When you’re using the custom option, you can enter any given day and month as a reference date. The system will look at this specific date and determines whether the employee qualifies for the seniority days. The employee that started employment on 1/2/1990 shall receive seniority days if the “custom” reference date is set on 15/2/2015, since the employee has worked for the company for more than 15 years on the fifteenth of February. However, if the reference date is set on 15/1/2015, then the employee will not receive seniority days.
The proportional option means that the seniority days are entitled in proportion, based on the day and month of the employee’s starting date. For instance, this same employee who started working for your company on 1/2/1990, will receive extra leave days in proportion to the time of the year. This will result in about 11/12th of the seniority days. If the system also entitles seniority days for the years up to the 15 limit, then the employee will receive 1/12th of these extra days. Imagine an employee with a start of employment date on 1/7/1990. This employee would receive extra days based on the seniority 15 year limit on July 1st 2015. Proportionally this would mean that 6/12th of the seniority days is based on “before 15” and 6/12th is based on the seniority limit “from 15”.

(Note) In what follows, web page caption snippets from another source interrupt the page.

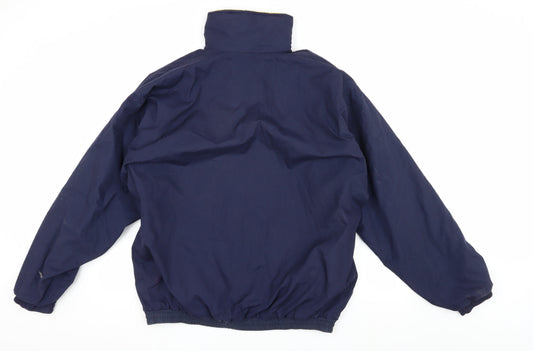 Oakmont Men's XL Blue Lined Basic Jacket
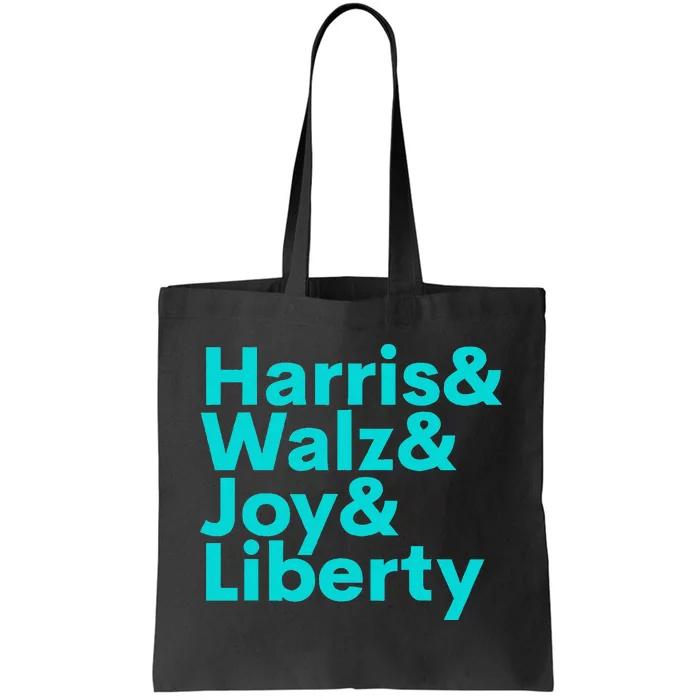 Harris Walz Joy Liberty Harris Walz Waltz 2024 Tote Bag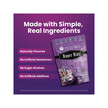 Фото складу Calcium Chews plus Vitamin D & Probiotics Dinner Mint Фото складу Calcium Chews plus Vitamin D & Probiotics Dinner, Цитрат Каль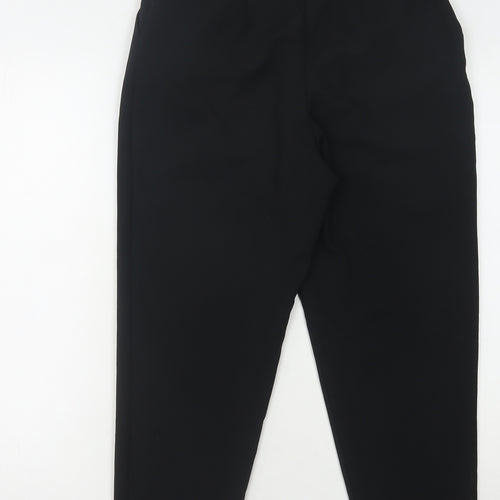 ASOS Women's Black Trousers Size 8 Regular Fit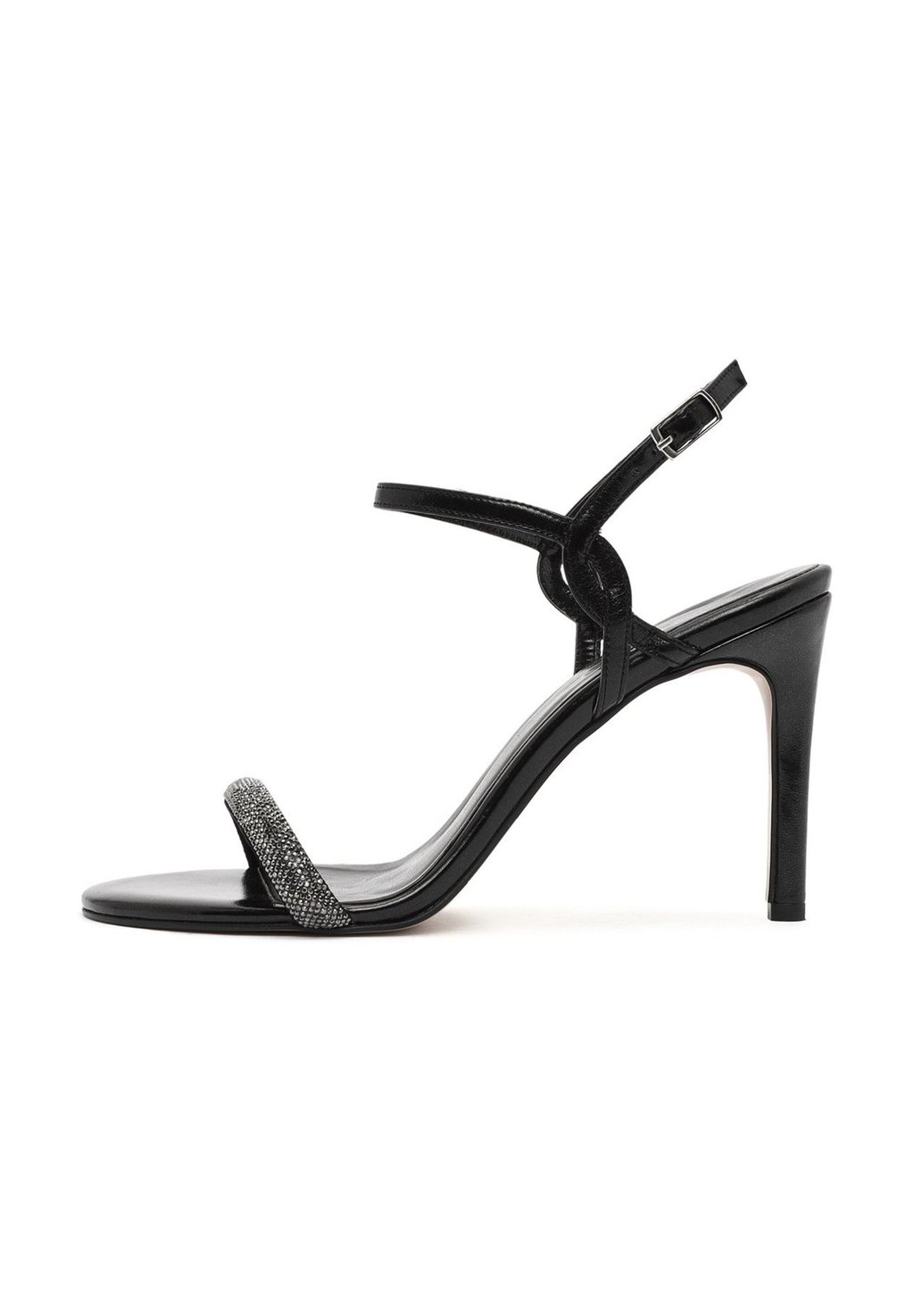 Босоножки на высоком каблуке Sandals Derimod, черный
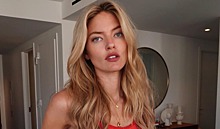 Модель Victoria's Secret Марта Хант объявила о помолвке и показала роскошное кольцо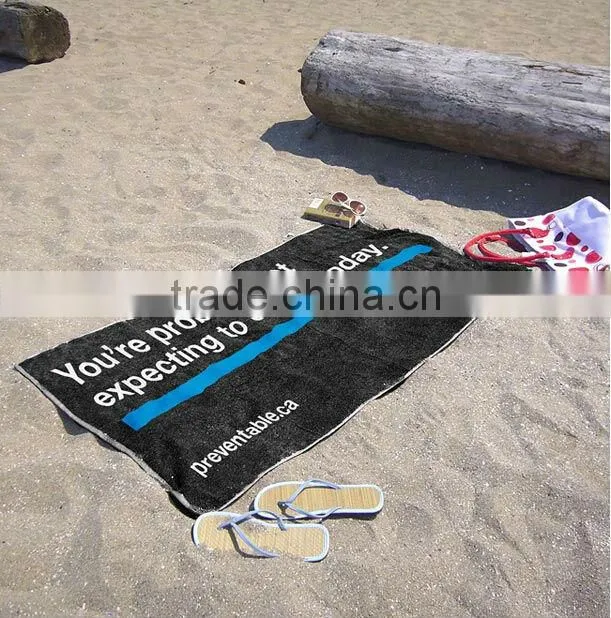 Eco-friendly personalized digital printing tea towels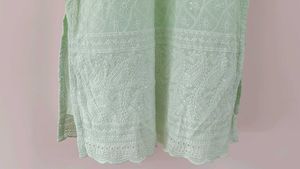 :✨ Mint Green Embroidered 2-Piece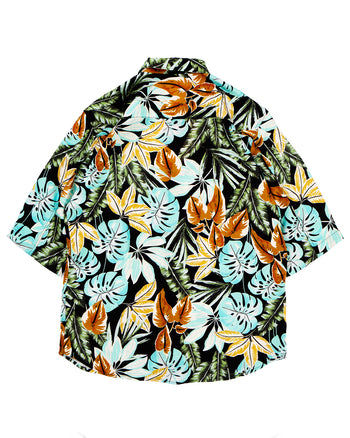 Indigofera Delray Shirt, Hawaii Print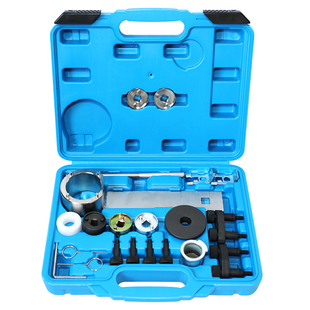 适用奥迪A6大众EA888正时专用工具三位四通阀三代曲轴皮带轮工具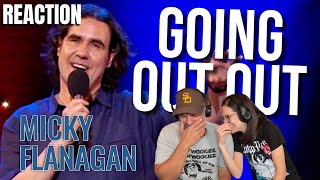 Micky Flanagan  The Out Out REACTION [upl. by Leizahaj485]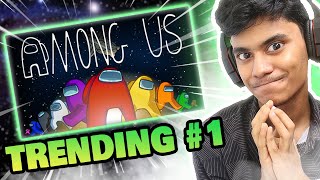 কিভাবে খেলে Among Us  Trending Game  SABBIR OFFICIAL [upl. by Lipski]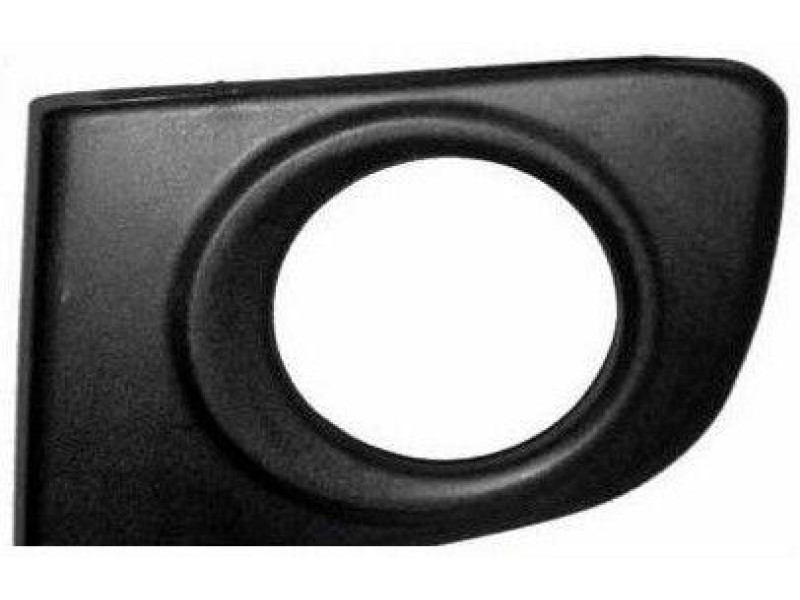 Решітка бампера Nissan Micra K12 03-05 ліва з отв. LKQ 62256AX700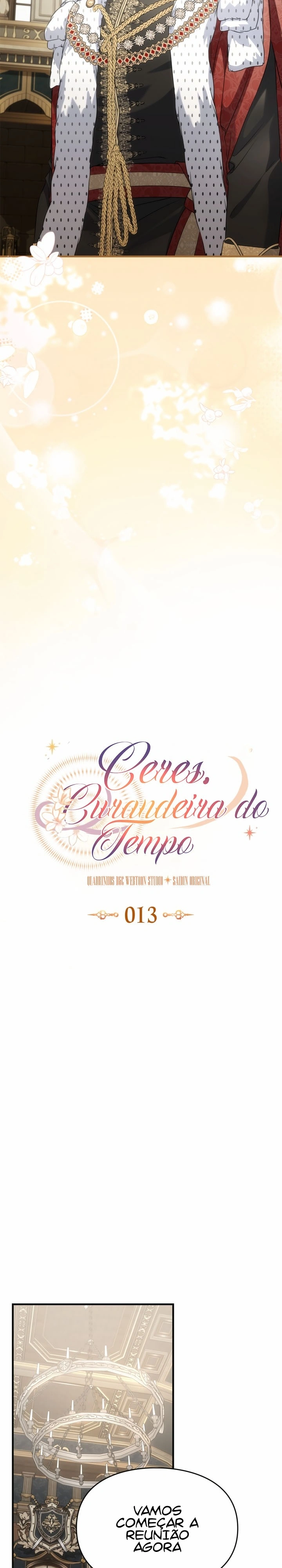 Ceres, a Curandeira do tempo Capítulo 13 Página 9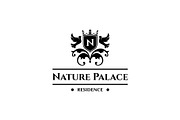 Nature Palace - Letter N Shield Logo, a Branding & Logo Template by ashenterprise (Thumbnail 2 of 2)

Cut off reference is similar to the “proportional”, in the sense that it is based on the starting date of the employee. However, the difference is that the “cut off” reference is not in proportion (not pro-rato). This means that the employee only qualifies for the seniority days if the reference date is made. If the employee quits before reaching the reference date, no seniority days are entitled. So if the employee from the example still works for your company on 1/2/2015, all of the seniority days are entitled. However, if the employee stops working before the reference date (for example 20/1/2015) no extra leave days will be given to the employee, because the reference date has not been reached.
The last two reference date options are significantly different from the other three, because the “start of employment” date is considered in these cases. In the case of “cut off”, no seniority days will be entitled to an employee when s/he leaves the company before the reference date. But as soon as the reference date is reached, all of the seniority days will be entitled to the employee.
The seniority days are not entitled on the specific reference dates themselves. All leave days are entitled at the start of the fiscal year. It would lead to too much confusion if the calculation of senior days, seniority days, and standard entitlement according to Dutch legislation of 2012, has to be separated. Every employee will see the exact number of seniority days that s/he will receive that year. In the case of “cut off”, this would imply that if the employee stops working for the company before reaching the reference date, the seniority days will be taken off of the employee’s balance automatically.
Set / change the reference date
The reference date for seniority days does not have to be the same for the entire company. It depends on the employment. In order to change the reference date, go to ‘Settings (gear icon top right) ⇒ ‘Master data’ ⇒ ‘Employments’ in the menu on the left. Then select the little pencil next to the employment in question. Here you can select one of the options in the drop-down for “reference date seniority days”. If you choose the option “custom”, please enter a number between 2-11 in the box behind “custom (months after start)”. These numbers represent the months of the year.